The chart above shows the moves in various currencies versus the Swiss Franc following the announcement of the Floor. All have clearly strengthened in value, with the only straggler being the Euro, we fully expect this trend to continue.
The laws of thermodynamics demand that the Swiss action must have a consequence, and so it does: inflation. The printing of Francs to defend their floor ultimately devalues each Franc, so the prices of "things" will rise to fill the void. Currently the Swiss are experiencing inflation of below zero (falling prices), so any fears of crippling inflationary pressures are some distance off.

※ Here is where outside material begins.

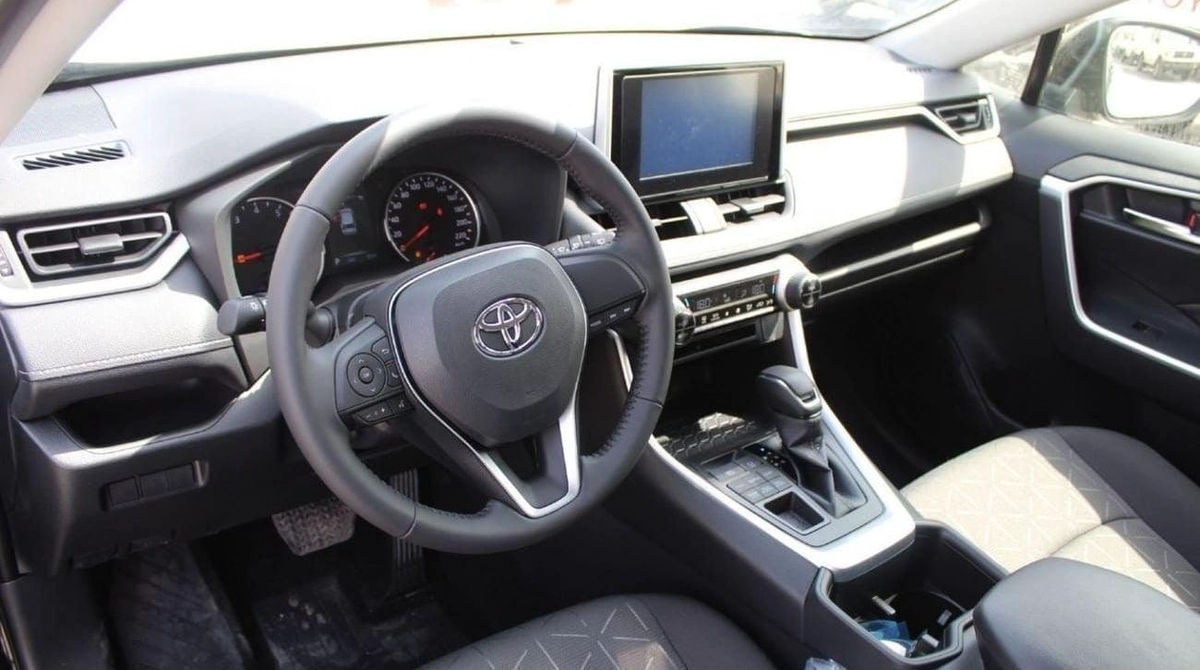 Toyota RAV4 LE RAV4 2.0L 2025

However, to complement the two trades above, we would also consider the selling of Swiss ten-year debt; currently such debt yields a meagre 1% and we expect that, as "the floor" gains respect in the financial arena, the realisation that Swiss interest rates must climb will also dawn, pushing yields closer to recent norms which are, as the chart below illustrates, around the 2% mark. Downside on such a trade is also limited as a sustained fall below 0.75% for ten year debt is an extremely unlikely scenario.
Finally, on the day that is in it, a nod westward: to the towers that defined a time, a city and a nation.
In our memories they stand proud; glittering in the night.